Thursday 14 May 2015

Protection of Refugees and Asylum Seekers in Malaysia

Introduction
South-East Asia is currently facing an insidious humanitarian crisis with the sudden influx of asylum seekers. The crisis appears to have been triggered by a regional crackdown on human traffickers, which resulted in these traffickers abandoning ships leaving thousands of migrants to fend for themselves. In the last few days, approximately 1200 Rohingya and Bangladeshi migrants have landed at Langkawi Island. The question is, what protection is Malaysia, as a non-signatory of the 1951 Refugee Convention, obliged to provide to these people?

“Refugees” and “Asylum Seekers”
Now, for clarification, the term refugee refers only to persons fleeing a country owing to a well-founded fear of being persecuted on grounds of race, religion, nationality, political opinion or membership in a particular social group. Asylum seekers on the other hand are people who claim to be refugees, but whose claim has not yet been definitively evaluated or fall short of one of the five grounds listed above.
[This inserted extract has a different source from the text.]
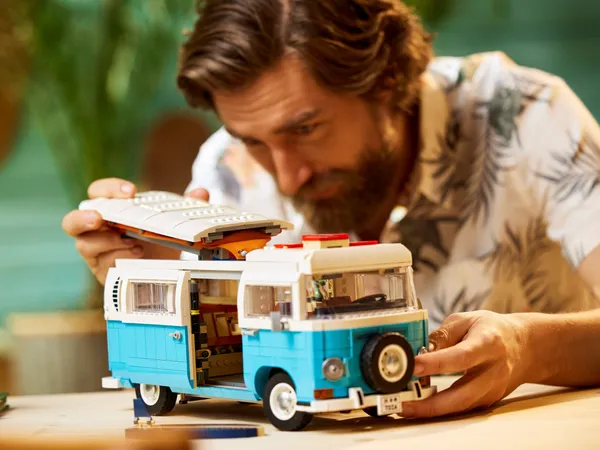 Volkswagen T2 Camper Van — 16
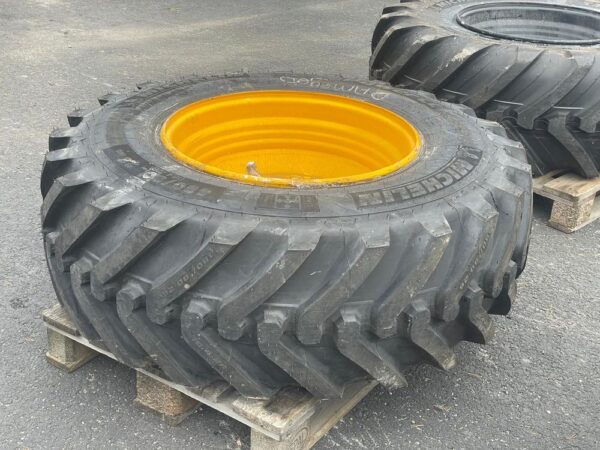Michelin 480/80 26  rengas vanteella - Image 12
Protection under the 1951 Refugee Convention
The rights and protection accorded under the 1951 Convention are only available to refugees. This includes a wide array of protections, such as, amongst others, right to property, associations and trade unions, wage-earning employment, self-employment, rationing, housing, public relief, public education, labor legislation and social security. Most of these rights are available to the extent that it is available to citizens.

Minimal protection
States which are not parties to the 1951 Convention, like Malaysia, are not obliged to provide the abovementioned rights. However, they must still provide basic minimal protection to both refugees and asylum seekers. The customary law framework is termed as “temporary protection”, and is most often applied to situations where there is a mass influx of migrants. Regardless of the length of the protection, a State must at the very least, provide the migrants with the right to life, right to not be subjected to torture or to cruel, inhuman or degrading treatment, right to liberty and security of person (shall not be subjected to arbitrary arrest and detention), and any person         deprived of their liberty shall be treated with humanity and with respect to the inherent dignity of the human person. If the State is able to provide more protections within its resources, it should do so (i.e. education, employment). However, the rights listed above are a must regardless of the State’s means. This is an established international legal norm (recognized by UNHCR and practiced in the United States, Europe, Southeast Asia and Africa)

Application in Malaysia
There has been widespread criticism on Malaysia’s treatment of refugees, and justifiably so. Some of these criticisms are directed to the fact that Malaysia refuses to be a signatory to the 1951 Convention. The fact is Malaysia does not have the resources to provide the rights under the 1951 Convention to the large number of refugees here. This would certainly expose Malaysia to multiple breaches of the 1951 Convention. However, this does not mean that it can simply ignore these migrants, which ultimately, were allowed to enter the country due to mismanagement and negligence on part of the officials. Malaysia must provide minimal protection standards to these refugees and asylum seekers as stated above.

Conclusion
The fact is the alarming number of migrants in our country is causing numerous problems, both to the migrants themselves and to our citizens. Ignoring them is only going to make the situation worse. Malaysia need not be a signatory to the 1951 Convention to assist them. It is already obligated to do so for one simple reason, humanity. With a proper system in place, assistance can be provided to these migrants, which in turn would provide benefits for the country as well. There is a simply a lack of political will on part of the government.